It can be difficult to measure the impact of VOC programs, because often they're interwoven with other initiatives, like product development. But there are myriad ways to track the benefits of feedback programs. Here are 13 ways; track at least three—after creating baseline measurements—and you're sure to see how VOC is paying off for your organization.
Revenue per customer: Determine your average annual revenue per customer, and establish whether it's different for different groups of customers. Then try to identify the precise amount of revenue attributable to a particular customer.
Share of wallet: Pinpoint a specific customer's product mix, and then, based on the number of products you sell versus what would be a fit for that customer, calculate the growth potential.
Willingness to pay more: Determine whether customers are willing pay more for your products, whether that translates to increased sticker price, increased fees, reduced discounts, or other options.
Lifetime value: Ascertain the lifetime value of specific customer in dollars, as well as how long customers typically stay with your organization. Track whether their profitability and value grow over the customer lifecycle.

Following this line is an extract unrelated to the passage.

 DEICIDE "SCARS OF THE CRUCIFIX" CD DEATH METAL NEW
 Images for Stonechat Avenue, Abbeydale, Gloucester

Retention rate: What percent of customers leave your organization each year?
Referral rate: Settle on how to measure word-of-mouth promotion for your organization. For example, determine what a positive word-of-mouth recommendation is worth to you in dollars.
Referral effectiveness: Measure the success of how well word-of-mouth gets customers to switch to your company.
Negative referrals: Establish a way to measure negative word-of-mouth for your organization.
Reason for defection: Track customers' reasons for leaving. Determine whether there is a measure you can associate with each of those reasons.
Response time to feedback: Examine and track the typical response time (the time it takes for a customer to receive a response from a comment) for each mode you currently using to gather feedback (e.g. comment card, call log, handwritten letters, email, online submission form, etc.).
Customers saved due to feedback: Calculate the number of upset customers you are able to recover or save by responding positively to their complaints and concerns.
Survey response rate and dollar value realized: Examine the cost of each survey mode you currently use and determine whether you can decrease costs or increase effectiveness by using alternate modes.
Overall savings versus current processes used: If you currently use multiple modes and multiple vendors for gathering customer feedback, investigate whether using fewer tools or only one enterprise solution would reduce your VOC program costs.